Riesener obtint la succession d’Œben en la charge d’ébéniste du roi, qu’il remplit jusqu’en 1785. Il s’en démit alors, rejetant les disciplines de l’administration du Garde-Meuble, soucieuse d’économies. Il n’en resta pas moins l’ébéniste ordinaire de la reine, dédaigneuse de ces considérations budgétaires, et les ouvrages exécutés pour Saint-Cloud, domaine privé de Marie-Antoinette, comptent parmi les plus exquises réalisations du maître. Survint la Révolution. Le mobilier des palais de la Couronne mis à l’encan, Riesener, qui ne croyait pas à la durée du soulèvement national, racheta ses œuvres. Il dut bientôt s’en séparer, mais à vil prix : le goût public n’était plus à ces délicatesses. Riesener se trouva ruine et eut une fin misérable.

G. J.

➙ Louis XVI et Directoire (styles).

Rifbjerg (Klaus)

Écrivain danois (Copenhague 1931).


Après un an à l’université de Princeton, aux États-Unis, Klaus Rifbjerg lait ses études à l’université de Copenhague de 1951 à 1955. Il épouse en 1955 Inge Andersen et devient scénariste pour la compagnie cinématographique Laterna. Deux ans plus tard, il est critique au journal Information et, à partir de juin 1959, à l’autre grand quotidien, Politiken. Il est aussi corédacteur de la revue Vindrosen de 1959 à 1963, puis de la revue théâtrale Harlekin de 1965 à 1966. En 1966, il est lauréat du prix de l’Académie danoise ; cette dernière le reçoit parmi ses membres dès l’année suivante.

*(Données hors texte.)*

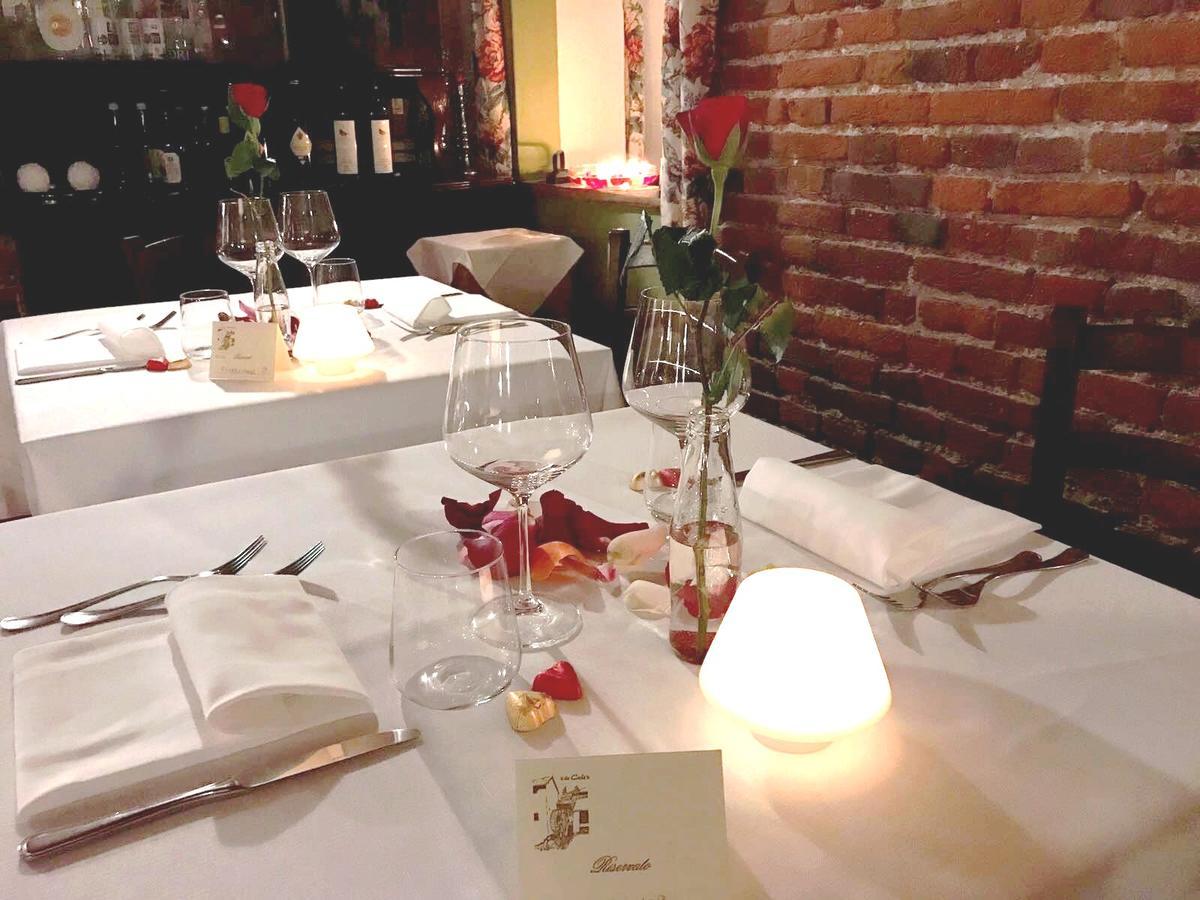 Hotel Locanda Da Carla วิเจวาโน ภายนอก รูปภาพ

Poésie, roman, théâtre : Rifbjerg s’est essayé avec bonheur à tous les genres. Le recueil de poèmes qu’il publie en 1956, Ayant vent de moi-même, est la première somme de ses expériences de jeunesse ; mais, en 1960, Confrontation exprime de façon plus concise et dans une langue plus originale son sentiment du vécu, la rencontre du moi et du monde. Toutefois, dans Camouflage (1961), Rifbjerg part à la recherche du temps passé, qui a modifié sa conception du monde extérieur. Volière (1962) est une explosion de lyrisme : vingt-cinq portraits d’oiseaux qui volent, piaulent, pépient, picorent et s’ébrouent. Dans Portrait (1963), c’est la personnalité d’une femme que le poète tente de circonscrire, dévoilant tout un univers féminin riche et confus. Les Poèmes d’Amager (1965), écrits dans un style très concis, ne sont que des regards qu’un adulte jette sur son enfance. Avec ses Hymnes nationaux (1967), Rifbjerg lance un défi à l’art et à la morale, et, dans Mythologie (1970), les mythes, modernes et classiques, servent d’arrière-plans aux portraits de personnages célèbres qu’il trace.